Completing my trio of “Susans” is Susan Andersen. Her last release by Kensington is called Exposure and is a great romantic suspense, with another winner of a hero. Elvis was injured while on the job in the big city and has moved back to the small town where he grew up. He is disfigured and has a hook where his hand used to be. The heroine and her daughter bring Elvis back to life and the transformation is wonderful to watch.
Michele Albert used to write under the name of Michele Jerott. Her second book under that name is called All Night Long. The hero is a Wisconsin dairy farmer, Rick, with red hair and a mustasche (not your usual tall, dark and handsome). He’s just been through a brutal divorce and wants nothing more than to be left alone to pick up the pieces of his life and maintain a relationship with his daughter as she changes from a little girl to an adolescent. The heroine, Annie, is a photographer who is researching a battle from an Indian war that took place on his land. He grudgingly allows her to work in his house and explore his farm searching for her answers. The plot is unusual, the characters fun and the resolution fully satisfying.
Tami Hoag wrote romance before she wrote suspense. She began writing romantic comedy for Loveswept and moved into romantic suspense when she went single title. One of her first, Lucky’s Lady, makes my list. Lucky is one of those scrumptious Cajun heroes, an artist turned soldier turned jack of all trades who has seen too much of the worst in people. The heroine doesn’t ever entirely tame him. She’s a good girl with a good pedigree and he manages to unlock all the passion that been bottled up inside her all her life. The rest of the book is populated with quirky characters and a great mystery. Did I mention the book is hot? Oven mitts are required apparel when reading this book
My favorite Jennifer Crusie comes next, and that’s Fast Women. It skirts that fine line between romance and women’s fiction, but the end of the book puts this one solidly in the romance column. This book contains the usual Crusie snappy writing and understated humor and the friendship between the women is the thing that really appeals to me in a big way.
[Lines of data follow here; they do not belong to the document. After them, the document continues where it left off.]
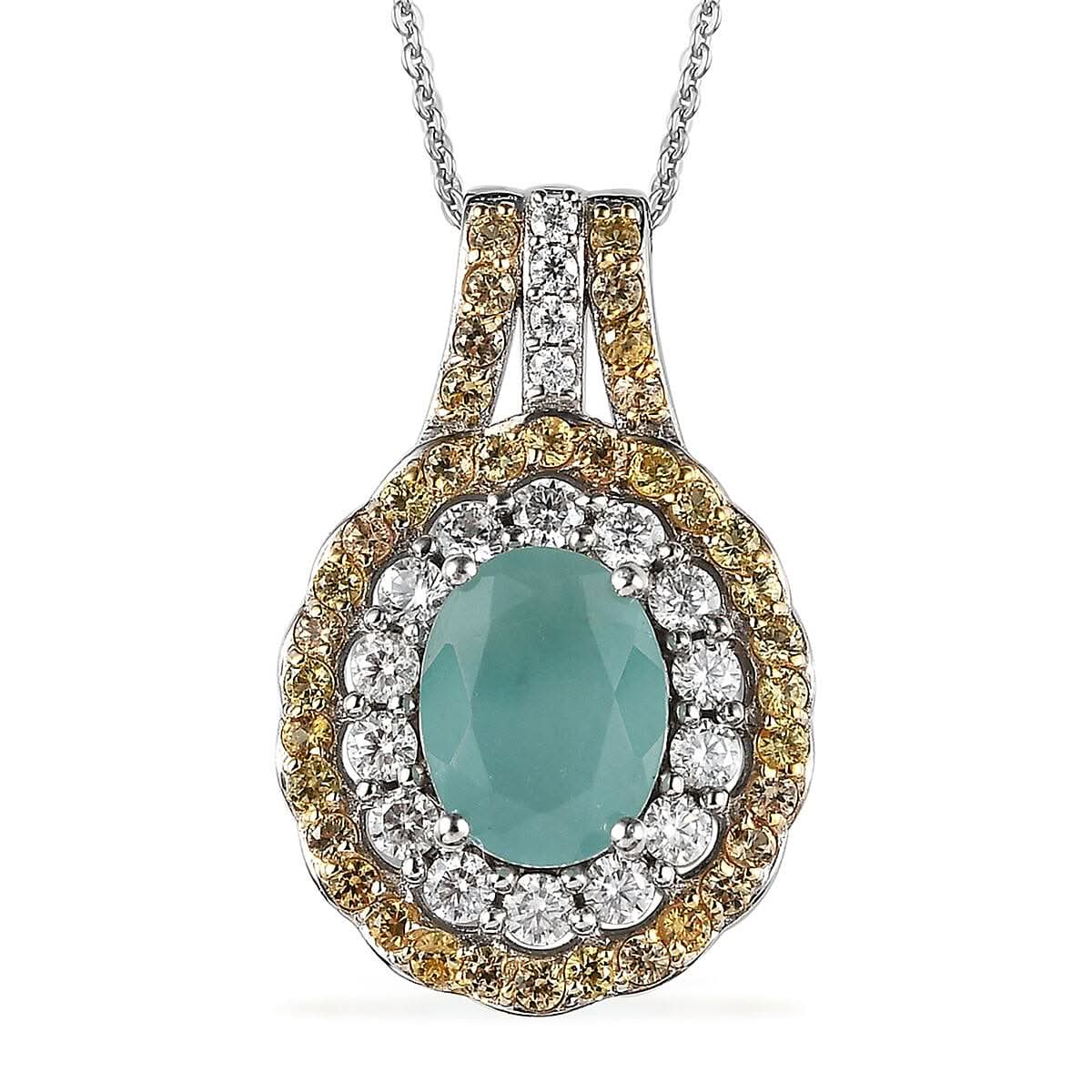 Grandidierite and Multi Gemstone Double Halo Pendant Necklace 20 Inches in 14K YG and Platinum Over Sterling Silver 3.00 ctw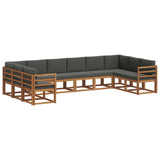 Set di divani da esterno 10 pcs Naturale e Antracite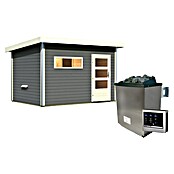 Karibu Saunahaus Danga (9 kW Saunaofen mit externer Steuerung, Terragrau, L x B x H: 231 x 336 x 227 cm) | BAUHAUS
I’m going to cheat with Nora Roberts. I’m going to count her Born In series as two books. Of the three titles in the book, Born in Fire, Born in Ice and Born in Shame, Born in Shame is my favorite of the three. Of course, they are wonderful romances, the heroes are off the chart sexy and the heroines likeable and interesting. The books on the whole, however, deal with one of my favorite topics, why do we artists do what we do? There’s not an aspect of the artistic life and process that she doesn’t explore, from making art as a profession to selling it, from homemaking to international gallery owner, from singing in a pub to writing New York Times bestsellers. She also explores the complicated and tangled ties of what makes a family and how people can be deeply connected by what appears to me the most trivial detail. Rich and thought provoking, I also re-read this series once a year and again, always find something new to think about, either about my music or my writing, or about my teaching others to be artists.
So, there’s my list! What’s on yours? I'd love to know!